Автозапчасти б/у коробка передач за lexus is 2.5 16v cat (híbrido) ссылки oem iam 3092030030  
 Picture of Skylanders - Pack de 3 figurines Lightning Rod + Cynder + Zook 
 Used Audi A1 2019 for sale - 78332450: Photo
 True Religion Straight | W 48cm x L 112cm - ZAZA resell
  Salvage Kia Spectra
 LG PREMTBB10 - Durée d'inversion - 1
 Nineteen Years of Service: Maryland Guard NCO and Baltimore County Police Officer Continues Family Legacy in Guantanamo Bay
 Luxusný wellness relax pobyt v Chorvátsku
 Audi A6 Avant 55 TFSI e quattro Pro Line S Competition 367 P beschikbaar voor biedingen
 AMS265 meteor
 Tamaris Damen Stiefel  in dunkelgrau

+ + + +

▶ _Activity_: Please output, exactly, the lines of the listing from the one containing "Nineteen Years of" through the last, inclusive, and no other lines.

▶ _Problem solution_:
 Nineteen Years of Service: Maryland Guard NCO and Baltimore County Police Officer Continues Family Legacy in Guantanamo Bay
 Luxusný wellness relax pobyt v Chorvátsku
 Audi A6 Avant 55 TFSI e quattro Pro Line S Competition 367 P beschikbaar voor biedingen
 AMS265 meteor
 Tamaris Damen Stiefel  in dunkelgrau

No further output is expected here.